Fulgrim looks so good. Ive seen lots of other models of other characters from the heresy and wonder why GW or forge world dont make their own versions, if only for collecting reasons. And what with the approach of codex apocalypse and the rules that will be available, why dont they bring out WARHAMMER 30'000. Id love to be LUNA WOLVES. 

Also has anybody seen a model of the EMPEROR apart from the diarama with HORUS and the slain SANGUINIOUS?


----------



## The Wraithlord (Jan 1, 2007)

VERY NICE! Love that blue, how did you get it?


----------



## hellric (Dec 26, 2006)

The Wraithlord said:


> VERY NICE! Love that blue, how did you get it?
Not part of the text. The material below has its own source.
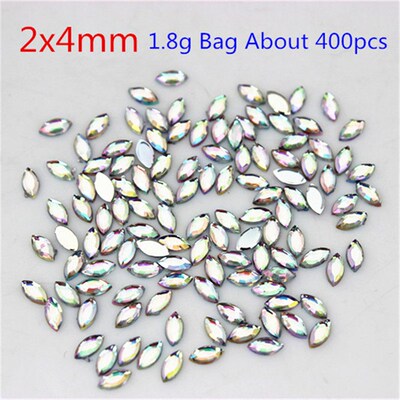 Multi Size  Acrylic Rhinestones Horse Eye Crystal AB Flat Ba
Base colour is GW midnight blue, then Ultramarine blue from Marabu Decormate paint, then highlights with Enchanted blue and final highlight with GW enchanted blue + Vallejo skull white


----------



## hephesto (Feb 24, 2007)

Impressive as always mate, love the blue. Never gotten it to work as good as that.

Just curious what kind of monster will you pull out of your head next :wink:


----------



## Anphicar (Dec 31, 2006)

I have a question--when people say "highlight of Enchanted blue" what do they mean?
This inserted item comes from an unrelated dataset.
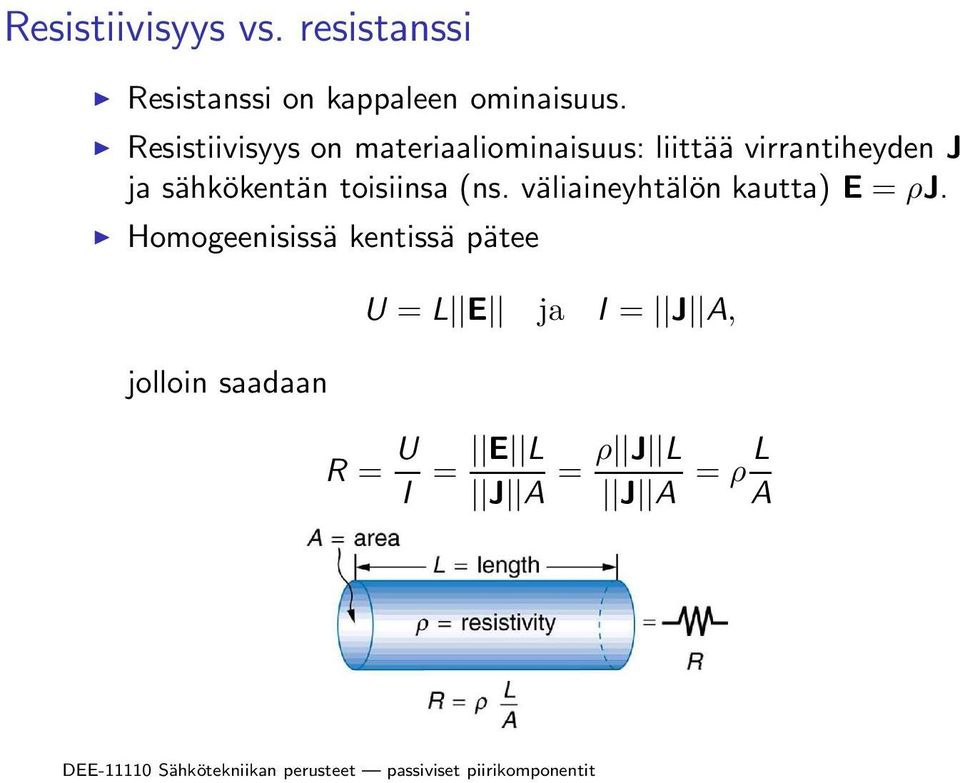 sähkökentän toisiinsa (ns. väliaineyhtälön kautta) E = ρj.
The extreme lines on the edge? Or a coat that covers less around the edges?


----------



## hellric (Dec 26, 2006)

hephesto said:


> Impressive as always mate, love the blue. Never gotten it to work as good as that.


It's the first time that I manage to do the blue like this in fact 



hephesto said:


> Just curious what kind of monster will you pull out of your head next :wink:


First I thought to make Mortarion. But The miniature I had in mind as a base was too small, so at the moment I have no idea on how to do him so it's pushed back. Next monsters are tyranids : a Cthulhu-like broodlord and a heavily converted Malanthrope are on my bench  

@Anphicar when I meant highlight I wanted to say the edges overal. Final highlight is only some areas on these edges.


----------



## Anphicar (Dec 31, 2006)

But when people say go thru this color and highlight up to this, they mean just paint in full layers, and then a final highlight on the edges, or do they mean gradually paint less and less?


----------



## hellric (Dec 26, 2006)

It just depends on the time and effort you want to put into your mini... but of course they mean second solution.


----------



## cccp (Dec 15, 2006)

i personally dont like the scuplt, it looks....odd. but the painting is very nice.


----------